Sliding steam temperature for combined cycle power plants

Abstract

The present invention is a combined cycle power plant design increasing output and efficiency of heavily-fired combined cycle plants operating below the maximum output point by allowing the steam temperature to increase as the amount of duct firing is reduced. The cycle design also reduces the installed cost of the overall plant. Making steam temperature a variable in operating the power plant meets the problem of actual operation distancing itself from Carnot efficiency in reduced load or part load conditions.

Description

BACKGROUND OF THE INVENTION

[0001] The present invention relates to control systems and methods of operating combined cycle power plants. In 1971, a number of companies developed combined cycle power plants (CCPP) in package form. Westinghouse (now Siemens Westinghouse Power Corp.) developed a system called PACE (an acronym for Power At Combined Efficiencies). The GE system is called STAG (an acronym for Steam And Gas Turbines) and Stone and Webster Engineering Corp. has a combined cycle system called FAST. In 1999, GE, BBC now Asea Brown Boveri (ABB) and WEC, now part of Siemens, are joined by 20 more manufacturers of CCPP equipment. These plants can generate 60 Hz and 50 Hz electricity and are installed all over the world. The net plant output of these plants range from 2.65 MW to 786.9 MW. The simple combined cycle power plant consists of a single gas turbine-generator, heat recovery steam generator (HRSG), single steam turbine-generator, condenser and auxiliary systems.
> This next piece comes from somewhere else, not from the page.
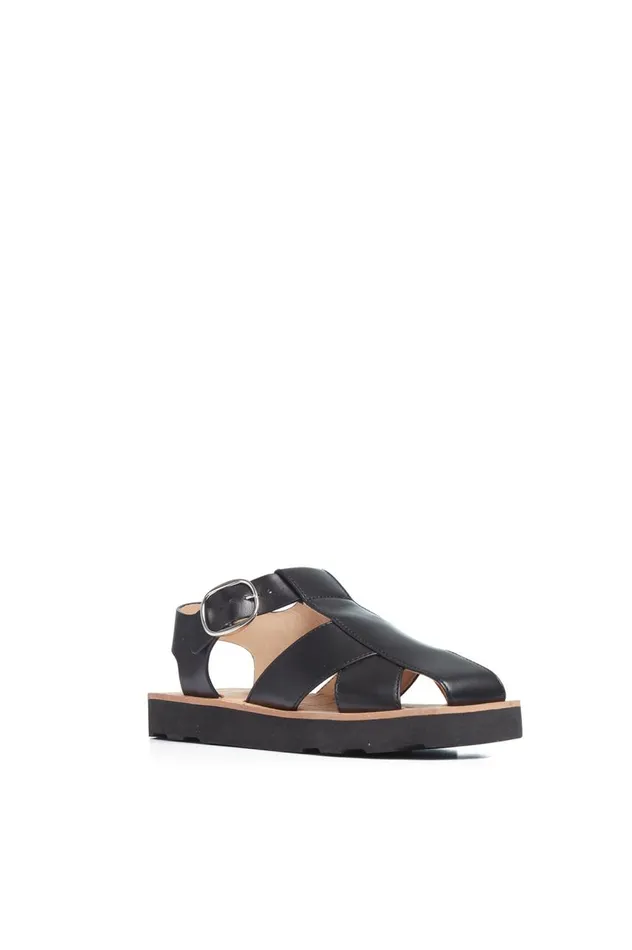 Women Sandals Gabriela Hearst Horatio Flat Sandal In Black Nappa Leather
[0002] There are two primary reasons why the efficiencies of operating combined cycle power plants are less than the Carnot efficiency. First, the temperature difference in the heat supplied to the cycle is very large. In a conventional steam plant, for example, the maximum steam temperature is about 810 degrees Kelvin (1,000 degrees Fahrenheit), while the combustion temperature in the boiler is about 2,000 K. (3,100 F.). The temperature of the waste heat from the process is higher than ambient temperature. Both exchange processes cause losses. The prior art predicts that improvement in this efficiency could be to reduce these losses by increasing the maximum temperature in the cycle or by releasing the rejected heat at the lowest temperature possible.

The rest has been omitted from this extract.